We report an iodide-induced phase regulation strategy to in-situ synthesize a cerium-based catalyst (Ce-N4O2 SACs) with high Ce loading (15.9 wt%), radicals scavenging ability and high-density Ce-N4O2 sites on the surface of porous nanocarbon frameworks. The oxygen reduction reaction (ORR) mechanisms on the Ce-N4O2 SACs are recorded by in-situ Raman spectra. Moreover, the density functional theory (DFT) calculations show that the Ce-N4O2 structure can optimize the electronic configuration of Ce and positively promote the activation of adsorbates.

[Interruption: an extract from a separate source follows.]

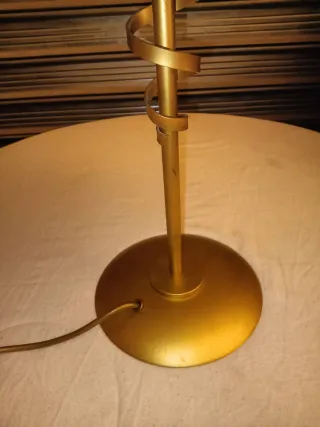 Lampada oro metallo tessuto anni 90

As expected, this catalyst delivers excellent ORR electrocatalytic activity and stability (half-wave potential decay ∼11 mV after cycling for 30k cycles). The assembled primary zinc-air battery demonstrates a remarkable energy density (ED) of 946 Wh kgZn−1 and exhibits predominant long-term durability (ED reduction ∼3.5 % after for 130 h). This work shows that rare-earth single-atom catalysts, subjected to regulation encompassing structure-density-configuration-mass transfer, hold great promise in realizing high ED metal-air batteries.